Buried Treasure? And how! In 1942, ploughboy Gordon Butcher was working a field at West Row, near Mildenhall in Suffolk, when the plough turned over an immensely valuable hoard of Roman silver tableware from the fourth century AD. Our poet Fiona Clark says “This owes not a little to my vague memory of Roald Dahl’s factual account, which was written in 1947 for Saturday Evening Post, then republished as a separate book in 1999 with Jonathan Cape, which I acknowledge, but I hope my version is sufficiently reimagined to make it my own. ” It is Day 664 of the daily poems.
The Mildenhall Treasure
Fog hung over the furrow the plough-horse plodded,
with slow tread and steamy breath.
The ploughboy trudged, each day the same.
Then suddenly, a glint within the soil.
He bent, and heaved a heavy weight,
his shirtsleeve brushing mud from a silver plate,
a buried treasure, lost from ancient times.
He gazed in wonder as a strange old face met his:
lips grinned among the seaweed beard,
and flowing hair, where dolphins swam.
Here, shameless girls in gauzy shifts, played pipes,
or dived with scaly monsters in the waves
A shepherd lad rolled homewards, worse for wear,
supported by a couple of his mates.
Another, with a bunch of grapes,
rode on a panther, or some such big cat,
a whole world mirrored on a silver moon.
He shook his head. ‘What’s to be done?’
But Farmer Ford, who knew about old things, persuaded him
‘I’ll take it home, and clean it up, then turn it in to those who know.’
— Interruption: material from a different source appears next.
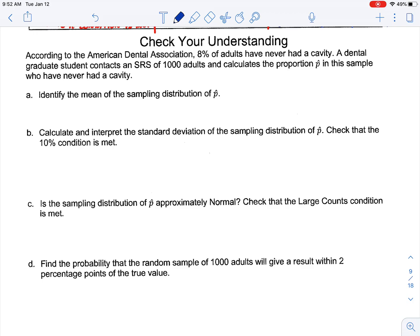Let's do an example. As always with a check your understanding, a good approach is to pause the video, try it on your own or at least try part of it, then unpause to see my explanation. The prompt: according to the American Dental Association, 8% of adults have never had a cavity. A dental graduate student contacts a simple random sample of 1,000 adults and calculates the proportion p-hat in the sample who have never had a cavity. We're asked to identify the mean of the sampling distribution of p-hat.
But there it stayed, the Neptune Dish, in Ford’s back parlour,
gleamed on the mantlepiece with other treasures wrangled from the dirt
– rare plates and spoons, fit for fairy-folk,
Siofra stuff.
Ford was a man bewitched.
For hours he sat, just gazing at those things.
None knew of it, but Gordon, and Ford’s wife.
His eyes were moon-dazed, he grew gaunt and thin,
sipped a little supper from a silver bowl and spoon,
did not answer if his wife called to him,
heard music in his head from timbrels and pipes,
drunk on invisible wine from vines which twined around those plates.
He sat at the hearthside, firelight flickering
on those dishes from the dark earth, and on his enchanted face.
He whispered to his prize, polished it to a mirror’s brilliant glow,
seeing his features in the sea god’s fearsome smile,
reflections mocking him.
And in the end, of course, they came for it.
Fiona Clark
Siofra is a Suffolk word for fairy folk.